Don’t take another UX course before you take a business course.

Don’t network with other UXRs before you go talk to a few struggling entrepreneurs. Don’t look for more academics to discuss the next skill you need, until you go find an enterprise e-commerce manager or marketing manager struggling to increase conversion rates.

Adopt that entrepreneurial spirit and make something happen where you are now. Stop looking for companies to give you internships and training, because in most cases, that’s not their mission.

Their mission is to serve customers.

The ‘commercial’ UX Research field is focused on serving the businesses and clients, not on training you.

Don’t get stuck on ‘how do I get experience if no one will give me experience?’ In the business world, not much is given to you for free. This is true in any field.

Go create the experience — because ‘experience’ is your trade, right?

Aspiring UXRs and the Marketer Mindset: how to package and position yourself — that’s what marketers do

The job you are applying for is not research.

The job is to create better outcomes for the business, and the best way to do that is to create better experiences for the customer.

All marketing is about creating experiences.

As a UXR, your greatest value is creating a compelling, well-orchestrated experience for your colleagues, the decision makers, of the customers’ experience. Your success as a researcher will be defined by how successful you are in creating this ‘experience-experience.’

For the job search,“positioning” and “messaging” yourself are essential. That means all three of these principles and practices apply to your job search:

  • Business Mindset: Who is this business serving? What are their products and services? What experiences must they create to help their customer succeed?
  • Entrepreneur: In this job, who are you going to serve? How and why you are a better solution? That’s a basic business consideration! Don’t focus much on yourself.
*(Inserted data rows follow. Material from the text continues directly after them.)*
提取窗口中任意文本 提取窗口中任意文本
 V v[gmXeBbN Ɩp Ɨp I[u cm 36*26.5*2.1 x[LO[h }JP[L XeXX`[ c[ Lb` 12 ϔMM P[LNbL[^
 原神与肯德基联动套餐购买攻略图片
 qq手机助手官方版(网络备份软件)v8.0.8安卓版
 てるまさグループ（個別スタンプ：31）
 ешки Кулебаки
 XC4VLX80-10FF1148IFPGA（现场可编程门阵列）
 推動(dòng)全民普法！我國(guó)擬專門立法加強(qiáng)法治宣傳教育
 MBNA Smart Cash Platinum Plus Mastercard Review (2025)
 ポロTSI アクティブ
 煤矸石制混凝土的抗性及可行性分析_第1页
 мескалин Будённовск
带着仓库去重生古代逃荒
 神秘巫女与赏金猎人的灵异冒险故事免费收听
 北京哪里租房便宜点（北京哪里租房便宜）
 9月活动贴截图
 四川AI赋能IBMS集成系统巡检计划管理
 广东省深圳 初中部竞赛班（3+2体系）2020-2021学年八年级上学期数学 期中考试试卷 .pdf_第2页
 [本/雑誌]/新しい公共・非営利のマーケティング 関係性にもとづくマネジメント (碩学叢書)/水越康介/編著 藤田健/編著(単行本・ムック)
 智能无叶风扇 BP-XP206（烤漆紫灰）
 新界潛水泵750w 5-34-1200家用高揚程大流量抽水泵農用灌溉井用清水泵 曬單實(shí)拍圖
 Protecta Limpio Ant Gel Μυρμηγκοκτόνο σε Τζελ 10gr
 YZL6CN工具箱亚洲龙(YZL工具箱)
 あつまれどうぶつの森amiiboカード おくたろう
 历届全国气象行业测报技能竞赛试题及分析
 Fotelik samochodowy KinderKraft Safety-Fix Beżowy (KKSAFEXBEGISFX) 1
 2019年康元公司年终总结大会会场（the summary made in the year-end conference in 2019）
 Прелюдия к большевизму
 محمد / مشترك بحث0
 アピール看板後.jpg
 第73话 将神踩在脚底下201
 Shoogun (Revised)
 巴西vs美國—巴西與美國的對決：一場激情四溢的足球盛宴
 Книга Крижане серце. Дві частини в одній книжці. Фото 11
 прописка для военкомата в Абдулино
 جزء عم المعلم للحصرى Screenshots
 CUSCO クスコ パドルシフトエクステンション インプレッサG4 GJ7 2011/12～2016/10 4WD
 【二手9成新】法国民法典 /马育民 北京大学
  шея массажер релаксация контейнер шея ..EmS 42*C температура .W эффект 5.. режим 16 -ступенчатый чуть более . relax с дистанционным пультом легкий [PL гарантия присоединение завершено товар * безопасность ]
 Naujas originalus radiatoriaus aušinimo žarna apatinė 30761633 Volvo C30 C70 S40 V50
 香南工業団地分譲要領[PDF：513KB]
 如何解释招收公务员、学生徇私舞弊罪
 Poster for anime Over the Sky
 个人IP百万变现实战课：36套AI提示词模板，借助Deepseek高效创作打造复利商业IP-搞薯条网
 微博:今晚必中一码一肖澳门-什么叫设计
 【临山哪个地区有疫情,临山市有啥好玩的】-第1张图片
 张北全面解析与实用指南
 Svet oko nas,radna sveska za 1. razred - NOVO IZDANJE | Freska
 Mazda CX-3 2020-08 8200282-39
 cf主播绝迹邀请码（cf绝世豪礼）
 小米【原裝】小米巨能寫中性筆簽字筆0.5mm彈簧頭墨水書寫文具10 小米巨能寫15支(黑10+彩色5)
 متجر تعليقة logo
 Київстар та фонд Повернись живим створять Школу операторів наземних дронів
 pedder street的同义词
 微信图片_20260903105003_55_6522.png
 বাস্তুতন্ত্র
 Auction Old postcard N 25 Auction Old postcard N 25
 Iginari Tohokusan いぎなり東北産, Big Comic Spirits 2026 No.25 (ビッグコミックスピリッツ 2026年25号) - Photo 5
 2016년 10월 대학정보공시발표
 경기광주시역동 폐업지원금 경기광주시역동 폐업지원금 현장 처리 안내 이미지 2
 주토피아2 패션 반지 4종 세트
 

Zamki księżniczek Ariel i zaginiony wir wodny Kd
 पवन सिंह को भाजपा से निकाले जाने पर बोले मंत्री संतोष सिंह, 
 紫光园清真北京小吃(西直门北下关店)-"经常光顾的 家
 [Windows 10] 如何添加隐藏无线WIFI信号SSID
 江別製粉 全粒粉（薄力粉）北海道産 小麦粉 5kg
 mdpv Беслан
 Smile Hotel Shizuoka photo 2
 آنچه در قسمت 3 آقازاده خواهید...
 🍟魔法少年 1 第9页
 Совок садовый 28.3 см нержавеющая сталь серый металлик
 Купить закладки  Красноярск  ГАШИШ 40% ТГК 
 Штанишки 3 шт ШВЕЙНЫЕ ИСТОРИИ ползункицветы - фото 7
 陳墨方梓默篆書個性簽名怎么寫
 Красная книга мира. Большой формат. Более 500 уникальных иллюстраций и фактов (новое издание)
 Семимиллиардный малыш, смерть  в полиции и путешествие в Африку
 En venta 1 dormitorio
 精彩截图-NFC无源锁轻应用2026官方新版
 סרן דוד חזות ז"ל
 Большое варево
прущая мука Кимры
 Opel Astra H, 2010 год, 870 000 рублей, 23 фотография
As much as you floss your resume and portfolio, go research this company from a business mindset.
  • Marketer: The job market is a marketplace, and this is a competition — you’re competing with hundreds (thousands?) of other people. Taking this business perspective is a competitive advantage.

Here’s a marketing plan:

  1. Find UX research courses or training to learn the basics. Go to YouTube and watch UX topics that interest you and show you the basics. Read UX books, blogs, and look for UX conferences. Medium has many excellent UX channels.
  2. Work on adopting the mindset (as I’ve shared in this article) on the UXR Business Mindset, UXR Entrepreneurial Mindset, and UXR Marketing Mindset.
  3. Now go find business courses, YouTube videos, books, blogs, conferences, and other ways to immerse yourself in the business mindset. Go talk to business people, entrepreneurs, and decision makers.
  4. Then, start applying all that to pro bono and volunteer projects. Do basic UX studies in your current job, and with any organizations you belong to as a professional or as personal interests. Gradually take on more challenging projects, paid or not, and build up your skill. Be relentless! Have faith!

A business case for aspiring UXRs: How we drove growth in the Great Recession through initiative, inventiveness, grit, perseverance, influence, and an attitude of adventure

It’s 2008. The wave of the Great Recession is breaking all over the world.

I work for a large financial services and products company that’s in serious decline, and we have to find ways to grow revenue and save money.

So I introduce everyone to this thing called usability testing.

There is nothing at all sexy about this kind of UX research.

It is the most basic, task-oriented, show-leadership-how-dismal-the-website-is usability study. I scrounge two empty rooms and some old abandoned equipment to MacGyver a test lab. We invite participants from the surrounding neighborhood.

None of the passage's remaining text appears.